Troubleshooting Controller Unrecoverable Errors in Sun Storage SE3000 Arrays

Asset ID:	1-75-1314607.1
Update Date:	2017-10-01
Keywords:

Solution Type Troubleshooting Sure

Solution 1314607.1 : Troubleshooting Controller Unrecoverable Errors in Sun Storage SE3000 Arrays

Applies to:

Sun Storage 3310 Array - Version Not Applicable and later
Sun Storage 3510 FC Array - Version Not Applicable and later
Sun Storage 3511 SATA Array - Version Not Applicable and later
Sun Storage 3320 SCSI Array - Version Not Applicable and later
Information in this document applies to any platform.

Purpose

Controller Unrecoverable Error codes may be reported in the event log of SE3000 arrays, starting with firmware version 4.21.

The event log will report something similar to....

Wed June 4 13:12:22 2012
[Secondary] Alert
ALERT: Controller Unrecoverable Error 0001 00000000 00000000 45754677

The first field contains: 0001, indicating a multi-bit memory error.
The last field: 45754677, reflects a date field in hexadecimal.

The Controller Unrecoverable Error event containing the error codes is written to the array event log when the affected controller restarts. Because there may be multiple reboots, the same event may be written to the event log multiple times.

First Field Error Code	Error
0000	PCI Parity Error
0001	Multi-bit memory Error
0002	Hardware Error
0003	DSI exception
0004	Illegal Request

The error codes above give some more information about why the controller rebooted.

Troubleshooting Steps

1. See if you have any "Controller Unrecoverable Errors" in the event log. Use sccli to generate a complete list of logs. Use the appropriate sccli command based upon your management connection to the array.

sccli> show events (if you only have in-band management)
sccli> show persistent (if you have out of band management configured)

For example. (parsed output)

sccli> show events
   Wed June 4 13:12:22 2012
   [Secondary] Alert
   ALERT: Controller Unrecoverable Error 0001 00000000 00000000 45754677

If yes, continue to step 2.

2. Determine if the array is a single or dual raid controller array. You can use the sccli utility, or visually inspect the array.

Here is an example of dual raid controllers.

sccli> show redundancy
Primary controller serial number: 8014068
Primary controller location: Upper
Redundancy mode: Active-Active
Redundancy status: Enabled
Secondary controller serial number: 8012814

If one of the dual raid controllers is failed, it may report like this.

sccli> show redundancy
Primary controller serial number: 8014068
Primary controller location: Upper
Redundancy mode: Active-Active
Redundancy status: Failed
Secondary controller serial number: 8012814

Here is an example of a single raid controller.

sccli> show redundancy
Primary controller serial number: 8014068
Primary controller location: Upper
Redundancy mode: Active-Active
Redundancy status: Scanning
Secondary controller serial number: 0

If the Redundancy status is Scanning, then the array is a single controller array and continue to step 3.
If the Redundancy status is Failed or Enabled, then the array is a dual controller array and go to step 4.

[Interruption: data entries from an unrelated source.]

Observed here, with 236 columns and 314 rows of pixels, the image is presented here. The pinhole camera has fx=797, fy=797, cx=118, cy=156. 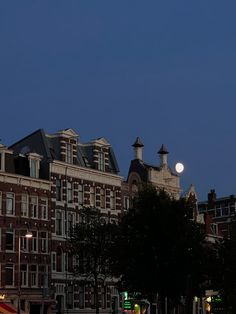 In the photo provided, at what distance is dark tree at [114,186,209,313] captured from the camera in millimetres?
67312

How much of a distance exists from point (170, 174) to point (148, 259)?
1726 inches

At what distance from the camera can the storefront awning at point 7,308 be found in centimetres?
7775

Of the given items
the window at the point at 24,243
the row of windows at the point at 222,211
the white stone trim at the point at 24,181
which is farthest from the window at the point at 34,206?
the row of windows at the point at 222,211

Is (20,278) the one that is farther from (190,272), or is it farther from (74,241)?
(190,272)

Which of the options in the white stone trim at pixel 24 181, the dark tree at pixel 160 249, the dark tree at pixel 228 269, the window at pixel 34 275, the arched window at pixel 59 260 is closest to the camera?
the dark tree at pixel 228 269

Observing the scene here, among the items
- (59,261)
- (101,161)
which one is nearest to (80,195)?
(101,161)

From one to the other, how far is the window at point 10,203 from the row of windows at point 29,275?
5415 millimetres

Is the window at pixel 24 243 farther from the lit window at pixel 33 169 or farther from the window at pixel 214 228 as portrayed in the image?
the window at pixel 214 228

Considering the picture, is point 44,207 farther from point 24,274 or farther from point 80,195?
point 24,274

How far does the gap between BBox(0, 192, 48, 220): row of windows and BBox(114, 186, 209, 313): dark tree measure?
16.3 m

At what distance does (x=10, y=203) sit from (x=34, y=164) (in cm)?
610

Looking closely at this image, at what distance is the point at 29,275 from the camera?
83562mm

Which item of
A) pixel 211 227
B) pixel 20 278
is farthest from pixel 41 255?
pixel 211 227

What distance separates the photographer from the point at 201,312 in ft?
397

3. Evaluate the the Error Code for a Single Controller Array

For a single-controller array, the controller resets automatically, and the event is added to the event log.
If the first field contains: 0000, 0003, or 0004:

Permanently clear the persistent event. You must use the tip/tenet interface to perform this task.
System Functions-> Controller Maintenance -> Clear Core.
Release to production.

If the first field contains: 0001, or 0002,

Replace the controller. Ensure that the replacement controller boots and check for any unrecoverable errors. These could be left over from a previous issue and not cleared. If an unrecoverable error is reported upon the boot of the replacement controller and it is a single raid controller array then simply clear the core, if however it is a dual raid controller array then fail the primary controller to promote the newly replaced controller to primary by running the sccli command fail primary and then run the sccli command unfail to bring the failed controller back online and then finally check the primary controller is now the newly replaced controller and the original controller is now the secondary;

after the controller was replaced;

sccli> show redundancy

Primary controller serial number: 8014068

Primary controller location: Upper

Redundancy mode: Active-Active

Redundancy status: Enabled

Secondary controller serial number: 8012814

after the fail primary command;

sccli> show redundancy

Primary controller serial number: 8012814

Primary controller location: Lower

Redundancy mode: Active-Active

Redundancy status: Failed

Secondary controller serial number: 8014068

after the unfail command;

sccli> show redundancy

Primary controller serial number: 8012814

Primary controller location: Lower

Redundancy mode: Active-Active

Redundancy status: Enabled

Secondary controller serial number: 8014068

and then clear the core and monitor to see if the error reoccurs; otherwise, there is no need to clear core, because it only resides in NVSRAM on the controller that is being replaced.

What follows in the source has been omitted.